Respecto a la fundamentación y motivación como elementos del debido proceso, significa que la autoridad que emite una resolución, debe determinar con claridad los hechos atribuidos a las partes, realizar una exposición clara de los aspectos fácticos, describir de manera expresa los supuestos de hecho contenidos en la norma jurídica aplicable al caso, detallar los medios de prueba aportados, valorar de manera concreta todos y cada uno de los medios probatorios asignándoles un valor específico a cada uno de ellos de forma motivada, determinar el nexo de causalidad entre las denuncias o pretensiones de las partes, el supuesto de hecho inserto en la norma aplicable, la valoración de las pruebas aportadas y la sanción o consecuencia jurídica emergente de la determinación del nexo de causalidad antes señalado; empero, la motivación de una resolución que resuelve cualquier conflicto jurídico o administrativo, no necesariamente implica que su exposición deba ser ampulosa o abundante con consideraciones, citas legales y argumentos reiterativos, pues al contrario como se dijo anteriormente una debida motivación conlleva que la resolución sea concisa, clara e integre todos los puntos demandados, donde la autoridad administrativa o en su caso jurisdiccional, exponga de forma clara cuales las razones determinativas que justifican su decisión, exponiendo los hechos, adecuados o subsumidos a la fundamentación legal y citando para ello las normas que sustentan la parte dispositiva de la resolución.
III.2. Análisis del caso concreto
A través de la presente acción de amparo constitucional, el impetrante de tutela denunció como lesionados sus derechos al debido proceso en sus componentes de motivación, fundamentación, congruencia, a la tutela judicial efectiva, a la igualdad de las partes, a la contradicción, a una congruente valoración de la prueba, a una justicia pronta y oportuna, a ser oído y a la “seguridad jurídica”; toda vez que, las autoridades demandadas mediante Auto de Vista 234 de 20 de noviembre de 2018, resolvieron declarar inadmisible e improcedente el recurso de apelación incidental presentado contra el Auto Interlocutorio 377/18 de 15 de agosto del mismo año. Auto de Vista que fue emitido, sin una debida fundamentación, motivación y congruencia, puesto que omitió responder a todos los agravios expuestos en el recurso de apelación incidental; por el contrario, resolvió argumentos que no fueron apelados por su persona, además de no otorgar el correspondiente valor legal a las pruebas aportadas.
Ahora bien, previo a ingresar al análisis de la problemática planteada en esta acción de defensa; corresponde verificar los antecedentes adjuntos al expediente.

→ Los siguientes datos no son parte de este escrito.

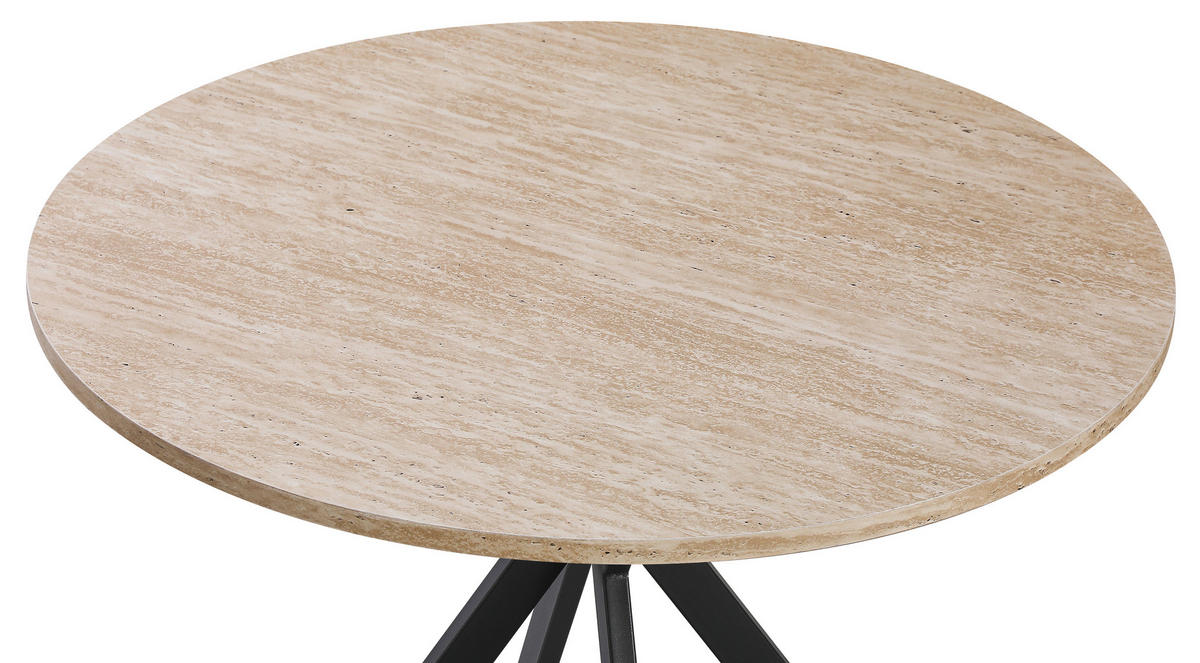 ESSTISCH 80/80/76 cm Nachbildung  Metall, Holzwerkstoff rund Schwarz, Beige  - Beige/Schwarz, Design, Holzwerkstoff/Metall (80/80/76cm) - Milino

En ese orden, se advierte conforme a Conclusiones II.1, 2, 3 y 4 de esta Sentencia Constitucional Plurinacional, que dentro del proceso penal seguido en contra de Ronald Alpire Ulloa –hoy accionante– por el Ministerio Público a instancia Octavio Chávez Alba, por la presunta comisión de los delitos de estafa y estelionato agravado, los Fiscales de Materia asignados al caso, el 28 de septiembre de 2017, mediante Requerimiento Fiscal imputaron formalmente al sindicado por la presunta comisión de los indicados delitos; empero, habiendo vencido el plazo de la etapa preparatoria al haber transcurrido más de seis meses, la Jueza de Instrucción Penal Quinta del departamento de Santa Cruz, el 2 de abril de 2018, conminó al Fiscal Departamental de Santa Cruz para que en el plazo de cinco días emita el requerimiento conclusivo; por lo que, en cumplimiento a dicha conminatoria, a través del memorial presentado el 13 de abril del citado año, los Fiscales de Materia asignados al caso, requirieron a la Jueza de la causa, la aplicación de suspensión condicional del proceso en favor del imputado Ronald Alpire Ulloa; sin embargo, por memorial presentado el 15 de mayo del citado año, ante la mencionada autoridad jurisdiccional, Juanito Rocha Siles y Margarita Balderrama Acuña, a través de su representante legal Juan Marcelo Aliaga Zamorano, se opusieron a la salida alternativa de suspensión condicional del proceso en favor del señalado imputado.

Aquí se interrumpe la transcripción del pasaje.